##### DATASET EXTRACT #####
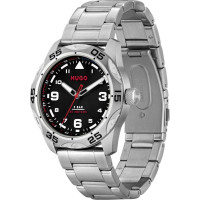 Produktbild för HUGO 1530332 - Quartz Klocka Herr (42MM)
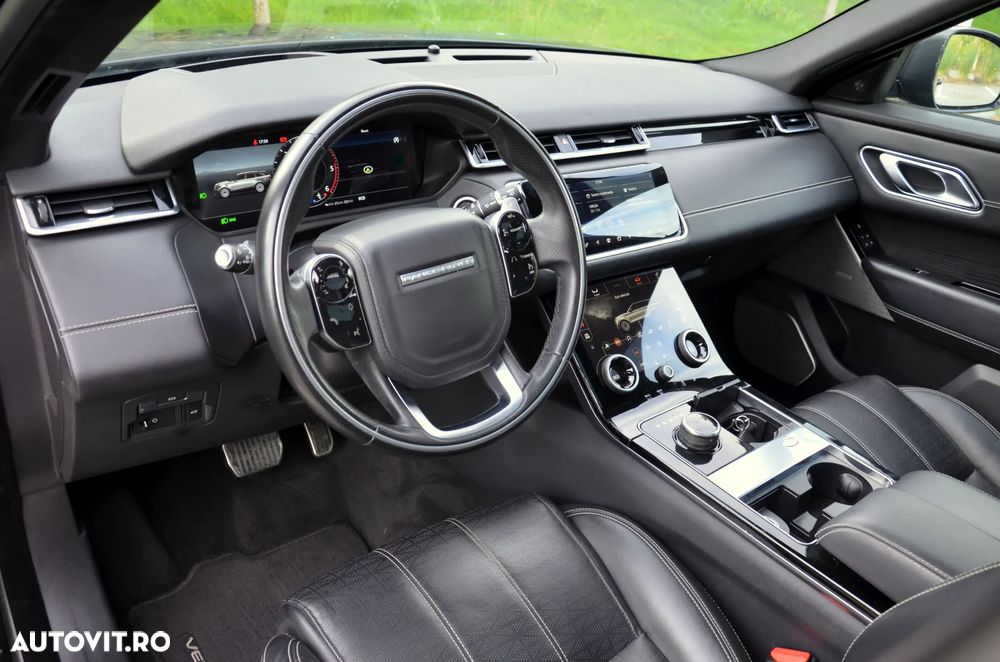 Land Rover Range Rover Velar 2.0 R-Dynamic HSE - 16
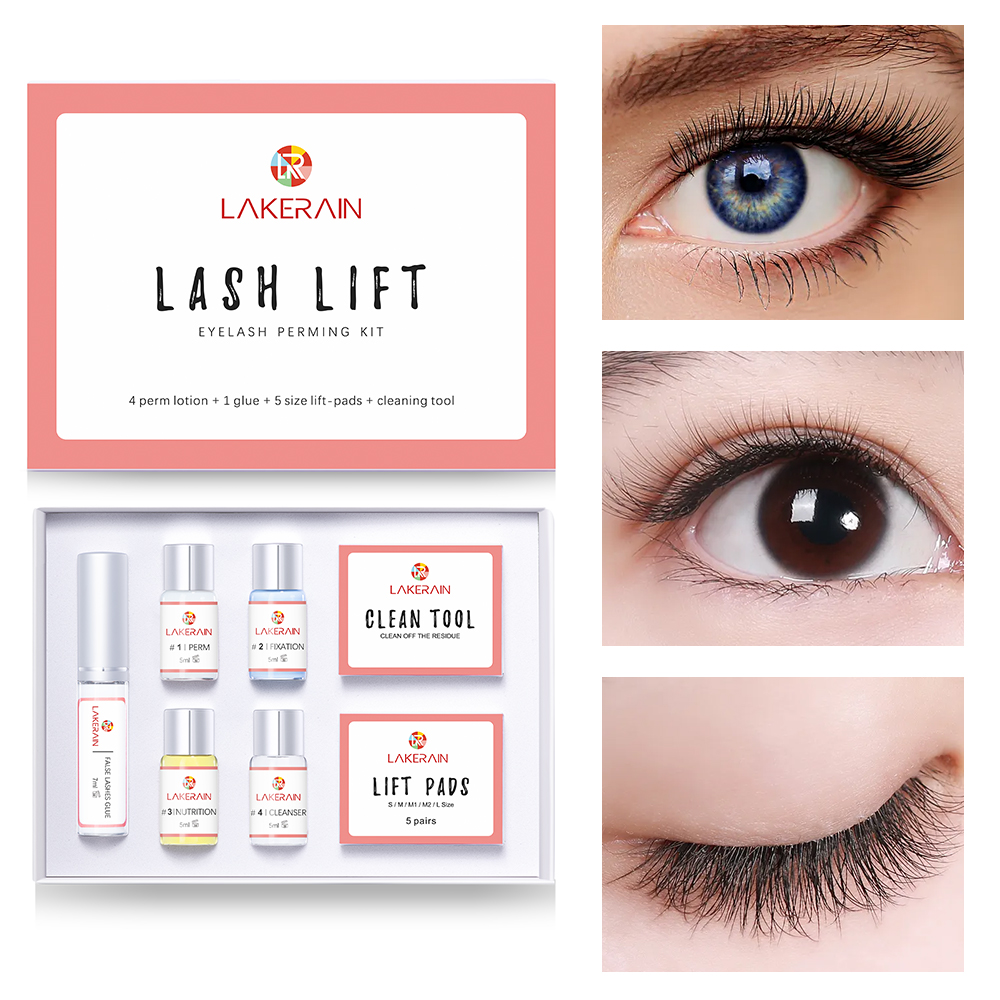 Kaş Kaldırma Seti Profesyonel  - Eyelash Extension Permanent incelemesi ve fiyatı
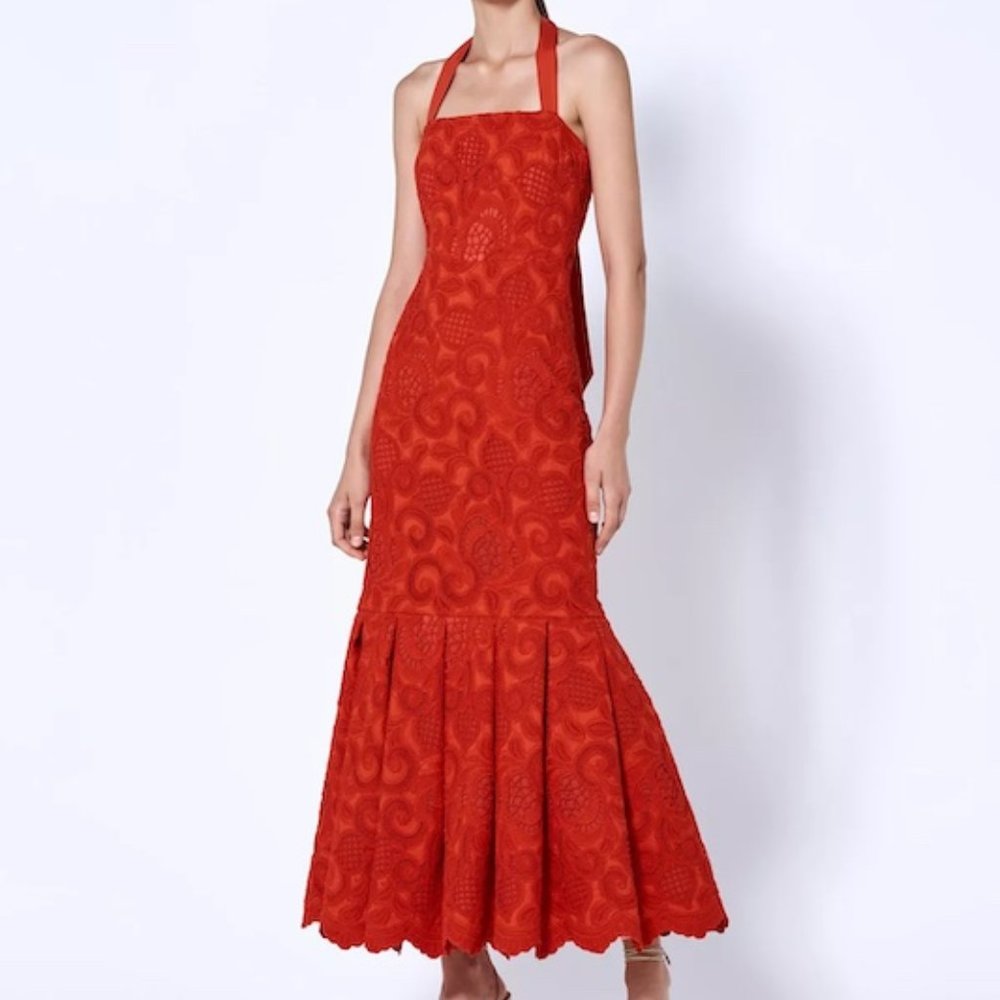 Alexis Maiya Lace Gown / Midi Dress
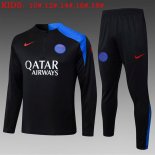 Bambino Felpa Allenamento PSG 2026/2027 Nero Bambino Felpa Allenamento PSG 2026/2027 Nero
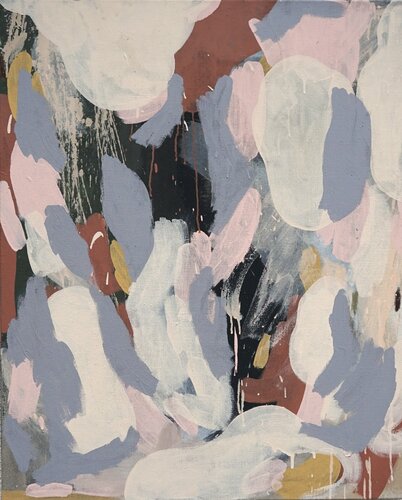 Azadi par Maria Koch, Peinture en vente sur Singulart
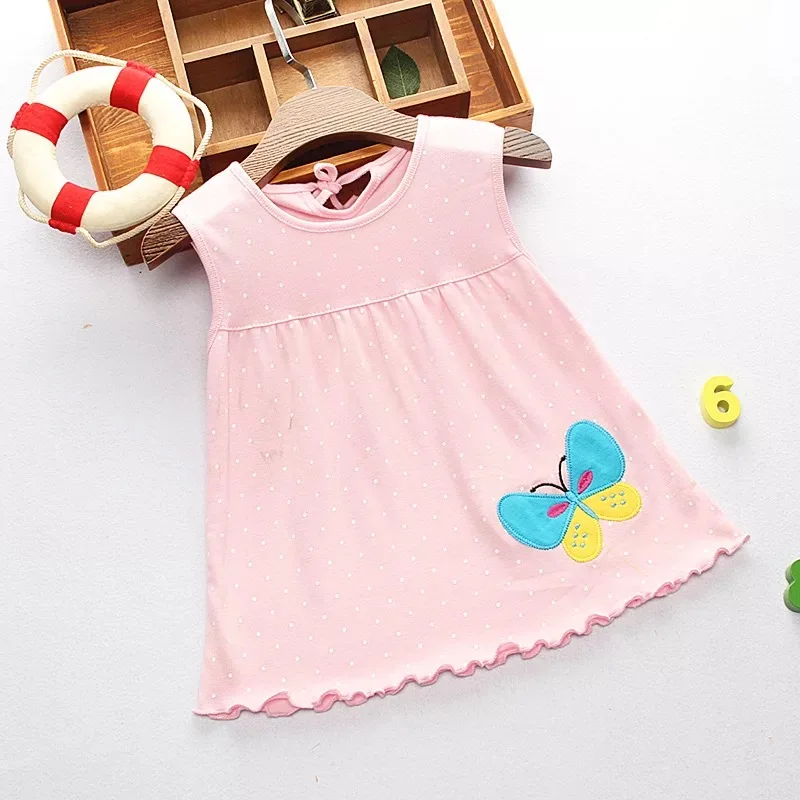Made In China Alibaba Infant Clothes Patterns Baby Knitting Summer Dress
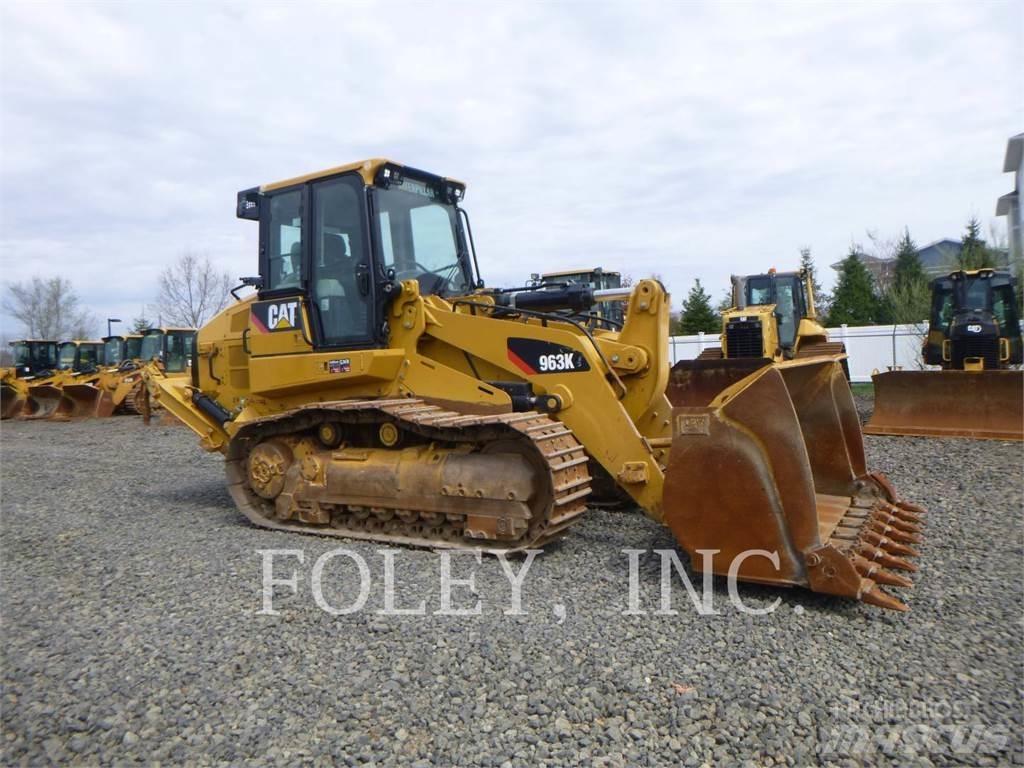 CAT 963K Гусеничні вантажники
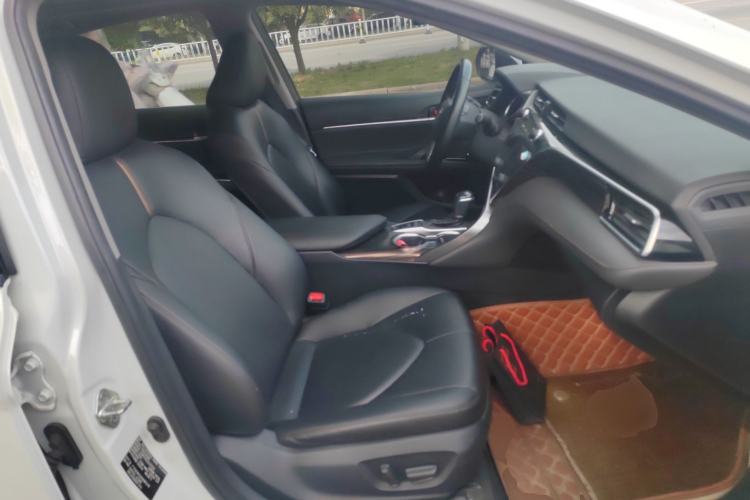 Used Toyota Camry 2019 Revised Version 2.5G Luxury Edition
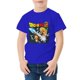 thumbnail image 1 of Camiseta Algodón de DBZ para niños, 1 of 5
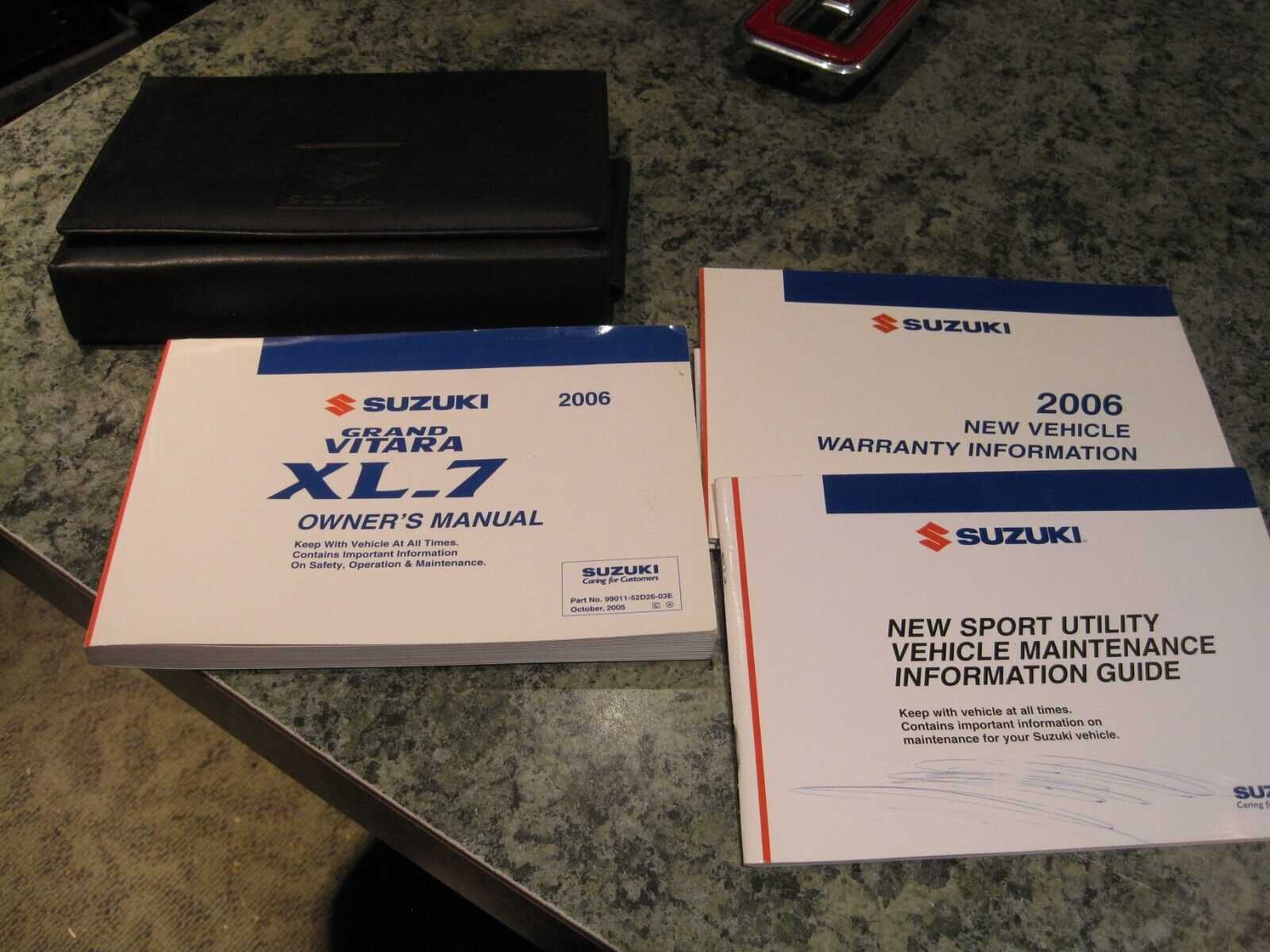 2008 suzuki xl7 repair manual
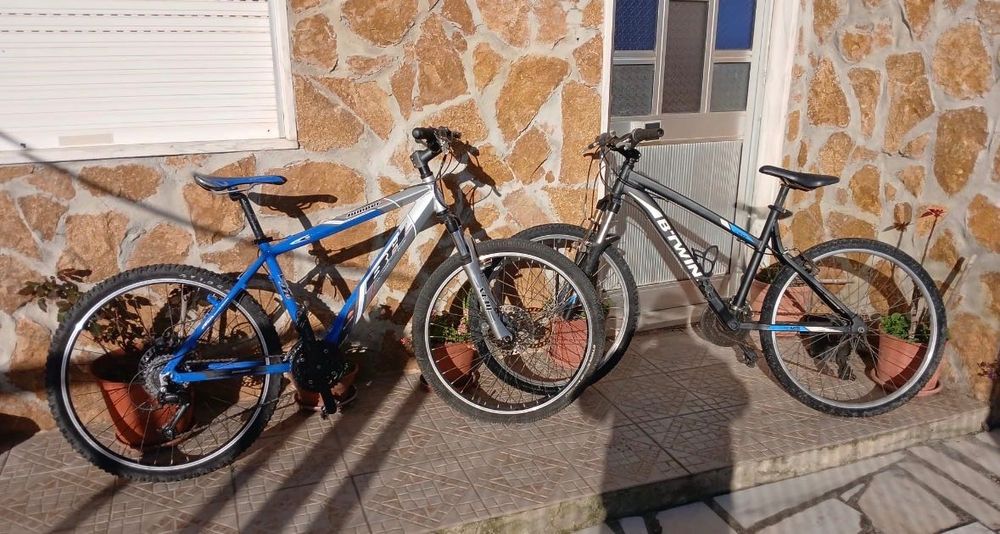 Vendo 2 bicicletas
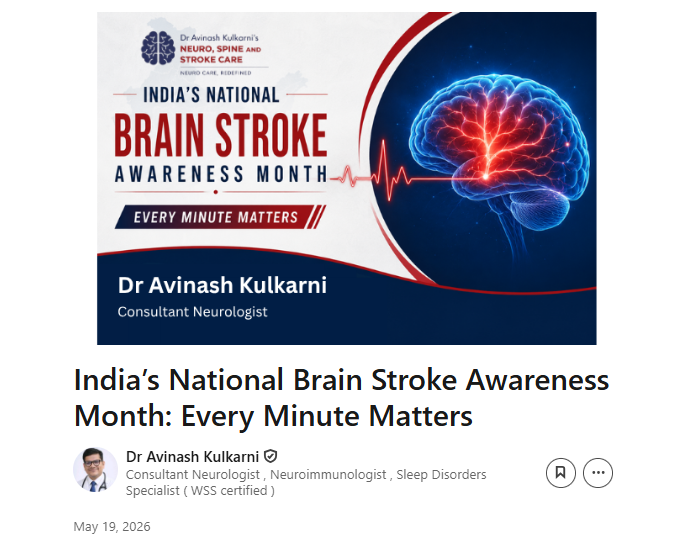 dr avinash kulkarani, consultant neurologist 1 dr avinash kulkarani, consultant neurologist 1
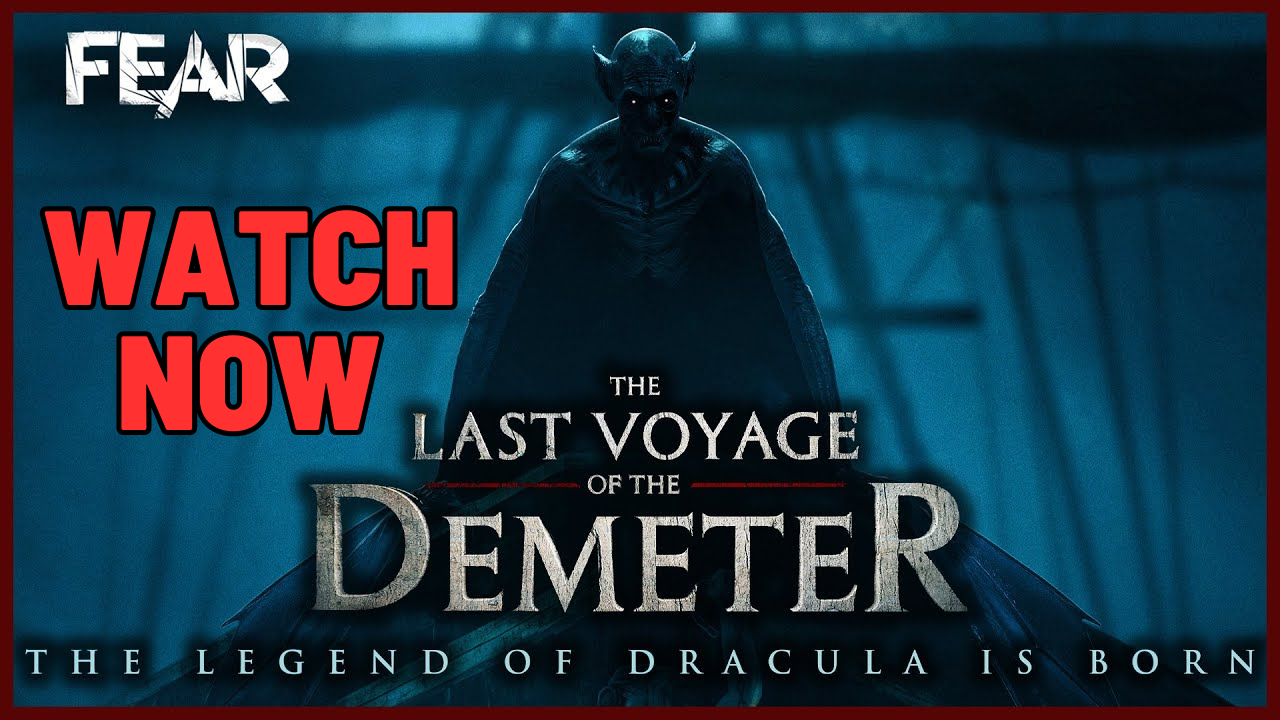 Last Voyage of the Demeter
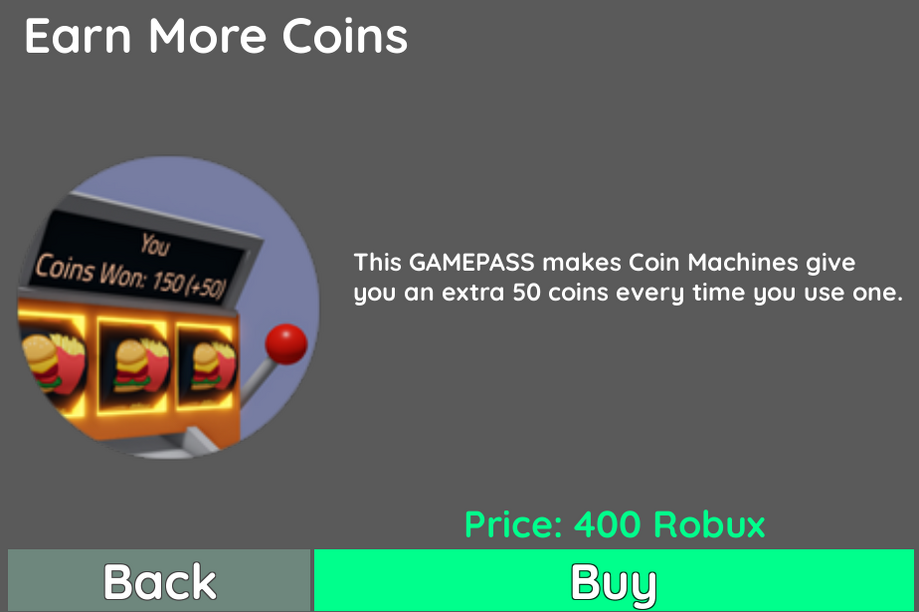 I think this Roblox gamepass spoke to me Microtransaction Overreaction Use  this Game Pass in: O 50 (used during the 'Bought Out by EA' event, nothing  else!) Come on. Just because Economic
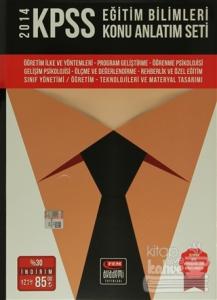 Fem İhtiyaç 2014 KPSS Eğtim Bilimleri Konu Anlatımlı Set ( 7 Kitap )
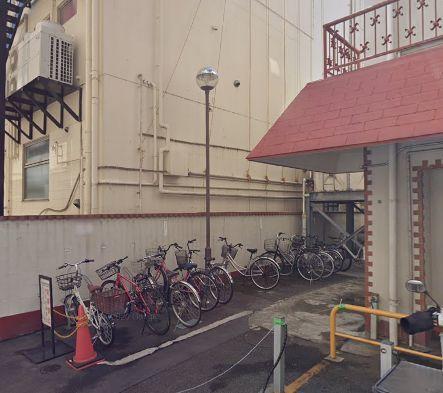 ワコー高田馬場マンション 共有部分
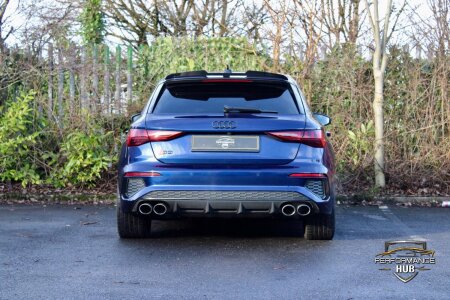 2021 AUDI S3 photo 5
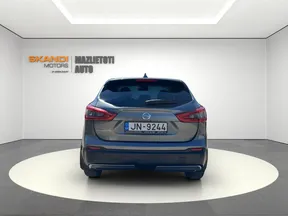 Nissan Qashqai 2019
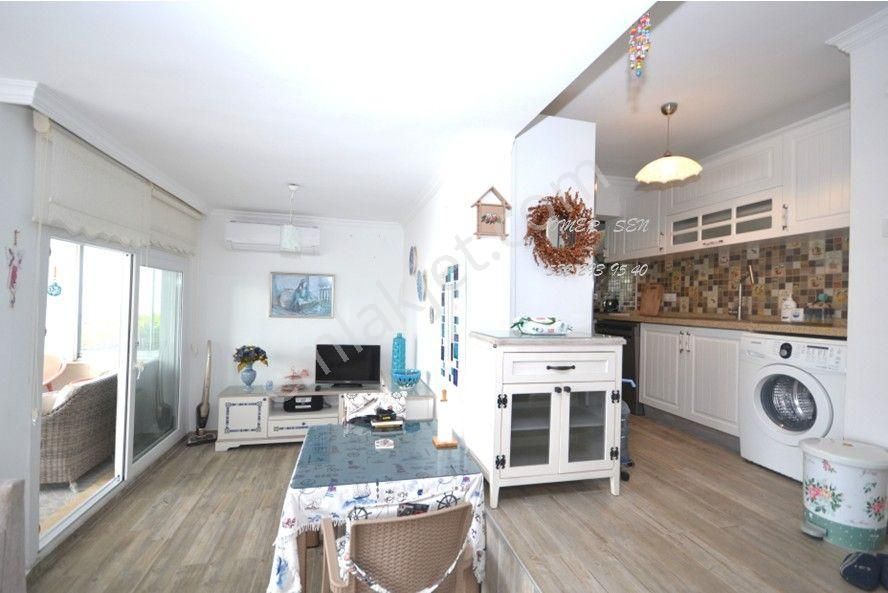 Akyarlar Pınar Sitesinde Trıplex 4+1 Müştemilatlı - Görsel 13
#####
Retype exactly the lines above, starting at the line containing "CAT 963K Гусеничні вантажники" and ending with the last line, both included; leave out the pictures.

 CAT 963K Гусеничні вантажники
 Used Toyota Camry 2019 Revised Version 2.5G Luxury Edition
 thumbnail image 1 of Camiseta Algodón de DBZ para niños, 1 of 5
 2008 suzuki xl7 repair manual
 Vendo 2 bicicletas
 dr avinash kulkarani, consultant neurologist 1 dr avinash kulkarani, consultant neurologist 1
 Last Voyage of the Demeter
 I think this Roblox gamepass spoke to me Microtransaction Overreaction Use  this Game Pass in: O 50 (used during the 'Bought Out by EA' event, nothing  else!) Come on. Just because Economic
 Fem İhtiyaç 2014 KPSS Eğtim Bilimleri Konu Anlatımlı Set ( 7 Kitap )
 ワコー高田馬場マンション 共有部分
 2021 AUDI S3 photo 5
 Nissan Qashqai 2019
 Akyarlar Pınar Sitesinde Trıplex 4+1 Müştemilatlı - Görsel 13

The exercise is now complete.